A l'heure actuelle, les actions en nullité contre de tels actes ne sont pas soumises à des conditions de délai spécifiques. Ils peuvent être attaqués longtemps après leur entrée en vigueur, dans la limite du délai de droit commun de 5 ans. L'institution d'une telle forclusion ne ferait pas obstacle à ce qu'un salarié puisse, même après l'expiration du délai de recours, obtenir individuellement réparation du préjudice qu'il estimerait avoir subi du fait de l'application de telle ou telle clause illicite d'un accord collectif. La même règle pourrait être étendue aux plans de sauvegarde de l'emploi qui peuvent eux aussi, en l'état actuel des textes, être attaqués sans condition de délai.
- Ramener le délai de prescription pour les actions en dommages et intérêts liées à l'exécution ou à la rupture du contrat de travail à 10 ans au lieu de 30 ans.
- Donner à la Cour de cassation la faculté de moduler les effets de ses décisions dans le temps, afin de circonscrire les effets des revirements de jurisprudence.
- Instituer des commissions paritaires d'interprétation par voie d'accords collectifs de travail conclus au niveau des entreprises ou des groupes.
Ces commissions pourraient être saisies par le juge en cas de difficulté d'interprétation d'accords collectifs. Leurs avis ne s'imposeraient toutefois à la juridiction saisie qu'à la condition d'avoir été rendus à l'unanimité des signataires.

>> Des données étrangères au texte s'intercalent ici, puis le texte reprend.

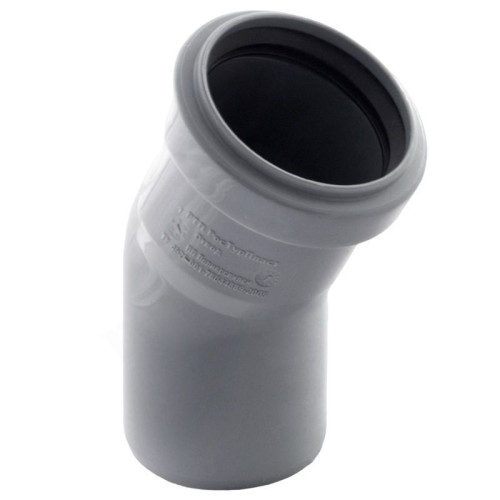 Отвод 15° 50-50, RTP, раструб-труба, серый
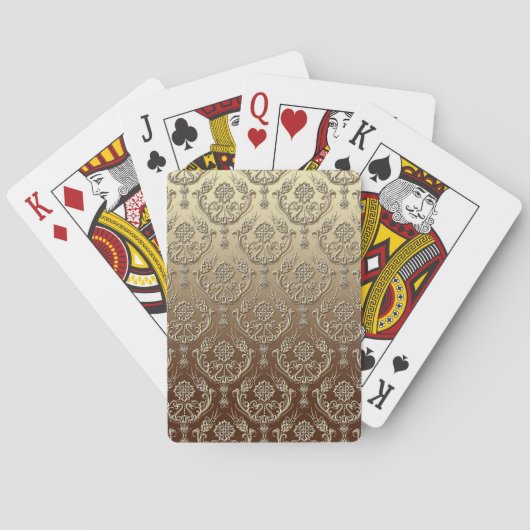 Elegant  Gold Embossed Damask Pokerkaarten (Achterkant)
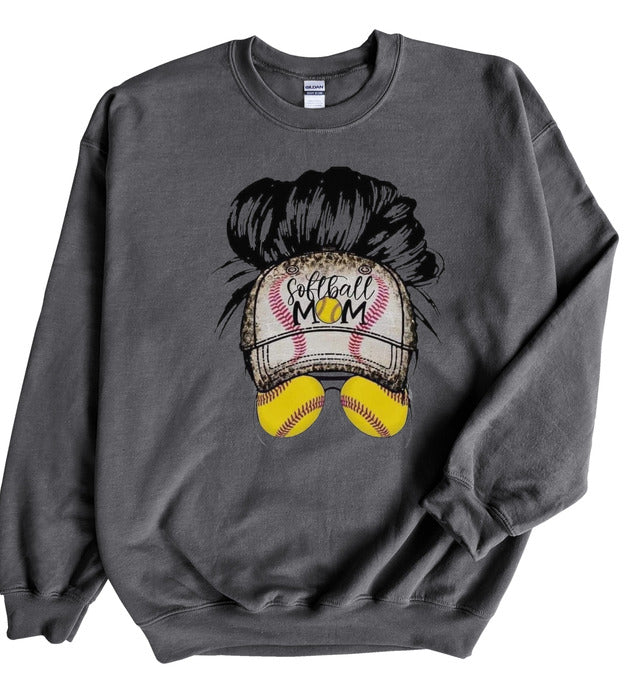 Softball Messy Bun Crewneck and Hoodie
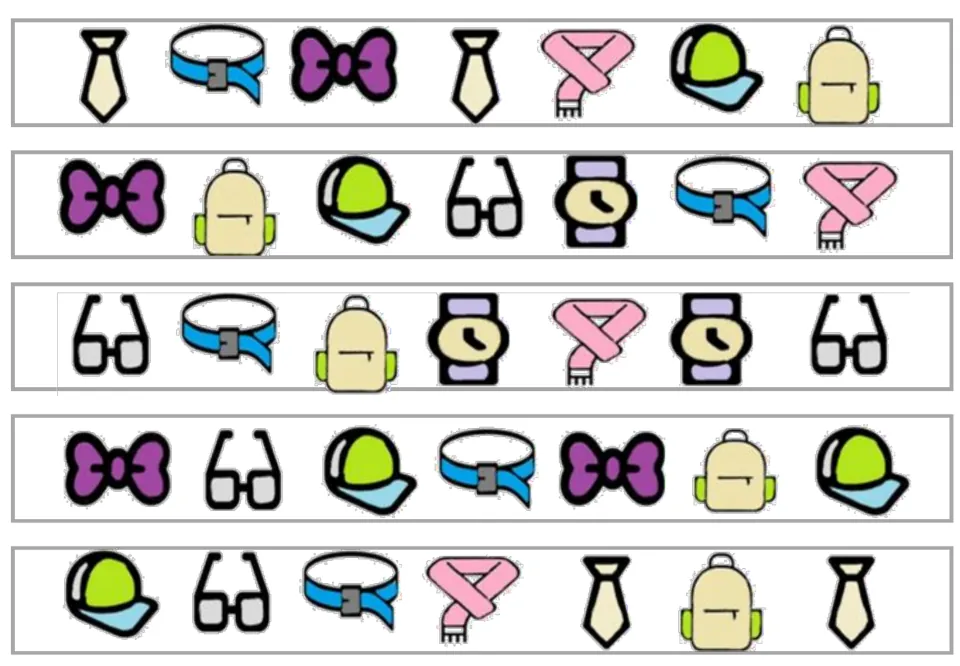 Five color matching strips with seven accessory pictures each, starting with tie, bow, glasses, bow, and cap.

2. Les propositions relatives aux relations individuelles de travail
Afin de stabiliser la frontière entre salariat et travail indépendant, le rapport suggère que la loi reprenne les critères dégagés par la jurisprudence permettant de caractériser l'existence d'un contrat de travail. Ces critères tiennent à l'existence d'un lien de subordination caractérisé par l'exécution d'un travail sous l'autorité d'un employeur ayant le pouvoir de donner des ordres et des directives, d'en contrôler l'exécution et d'en sanctionner les manquements. L'élaboration de contrats types permettrait aux usagers du droit du travail de choisir dans quel régime juridique ils souhaitent inscrire leur relation.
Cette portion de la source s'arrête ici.